Kunjungan Presiden Joko Widodo (Jokowi) ke Tiongkok baru-baru ini telah menghasilkan kemitraan baru senilai US$12,6 miliar. Ini merupakan langkah penting dalam menguatkan kerja sama antara kedua negara dalam berbagai sektor, termasuk industri baterai listrik, energi hijau, dan teknologi kesehatan.
Erick Thohir, Menteri BUMN, mengumumkan perkembangan ini melalui akun Instagramnya, sementara Presiden Jokowi mengungkapkan dua agenda utama dalam kunjungannya. Apa saja agenda tersebut dan bagaimana implikasinya? Mari kita tinjau lebih lanjut.
Kunjungan Diplomatis Presiden Jokowi Ke Tiongkok Mendebarkan Dunia Bisnis
Kunjungan Jokowi beserta sejumlah ‘rekan’nya ke Tiongkok pada awal pekan ini telah menghasilkan kemitraan baru senilai US$12,6 miliar atau setara dengan Rp197,48 triliun (menggunakan kurs Rp15.673 per dolar Amerika Serikat).
Informasi ini diumumkan oleh Menko Marves Ad Interim dan Menteri BUMN, Erick Thohir, melalui akun Instagram pribadinya @erickthohir pada malam Senin (16/10).
Erick Thohir menyampaikan bahwa ‘pemberian’ ini berakar dari kesepakatan kerja sama antara Indonesia dan Tiongkok yang melibatkan 11 inisiatif kerja sama berbeda. Kerja sama ini mencakup bidang pengembangan industri baterai listrik, energi hijau, dan teknologi kesehatan.

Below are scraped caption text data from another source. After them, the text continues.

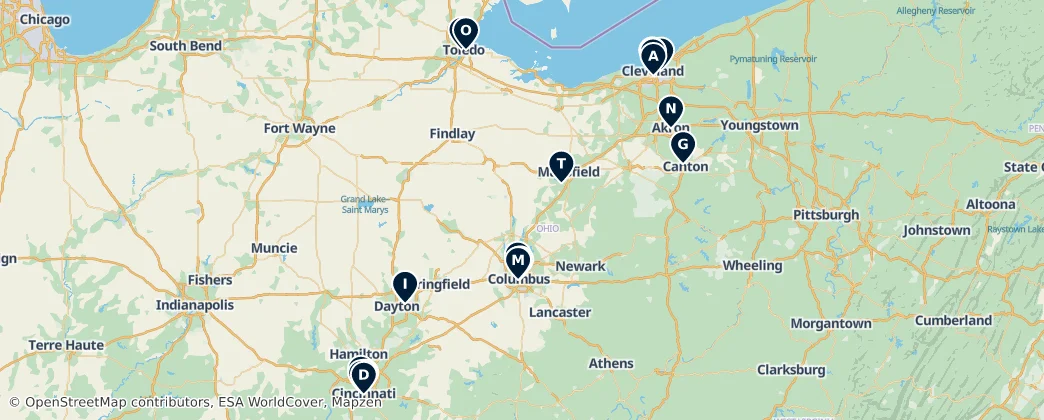 Map of Ohio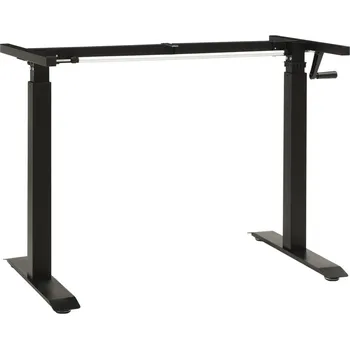 Psací stůl vidaXL Výškově nastavitelný rám stolu ruční ovládání [321718] Barva: Černá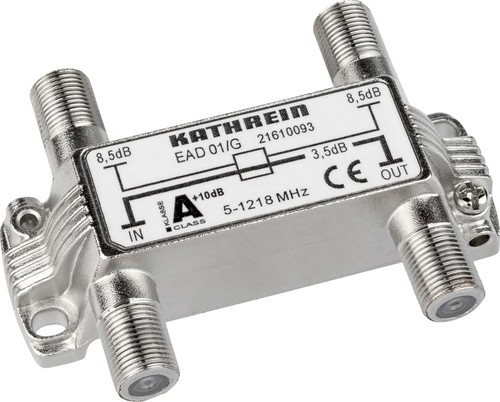 Kathrein F-Abzweiger 2-fach 5-1218 MHz 8,5dB EAD 01/G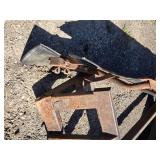 Skid Steer V Snow Plow Attachment Skid Steer V Snow Plow Attachment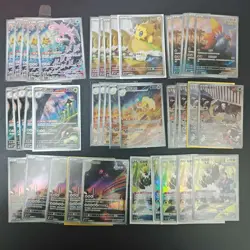 94*Lot Pokemon TCG AR/CHR Yveltal/Hisuian Goodra/Minior/Garbodor Holo #15 KB72 - Image 2
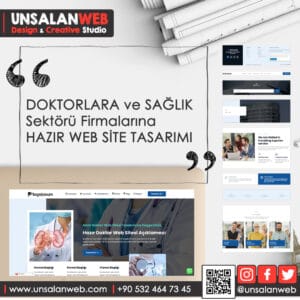 Doktorlara ve Sağlık Sektörüne Özel Hazır Web Sitesi Tasarımı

“Kerja sama senilai US$12,6 miliar ini melibatkan berbagai jenis perusahaan, termasuk perusahaan swasta, BUMN-swasta, dan BUMN-BUMN. Kerja sama ini ditujukan untuk menguatkan perkembangan industri baterai listrik, energi hijau, dan teknologi kesehatan di Indonesia, dengan harapan dapat meningkatkan peluang kerja bagi masyarakat,” ujar Erick seperti yang dikutip dari akun Instagramnya.

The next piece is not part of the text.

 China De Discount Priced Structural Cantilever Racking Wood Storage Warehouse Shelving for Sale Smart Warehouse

US$12,6 Miliar untuk Indonesia: Hasil Kemitraan Ekonomi dengan Tiongkok
Presiden Jokowi pada awal pekan ini melakukan kunjungan resmi ke Beijing, Tiongkok. Dalam kunjungannya tersebut, Jokowi menyatakan bahwa terdapat dua agenda utama yang akan dijalankannya selama berada di Negeri Tirai Bambu tersebut.
Pertama, ia akan melakukan pertemuan bilateral dengan sejumlah pemimpin Tiongkok, termasuk Presiden China Xi Jinping, Perdana Menteri Li Qiang, dan Ketua Parlemen RRT.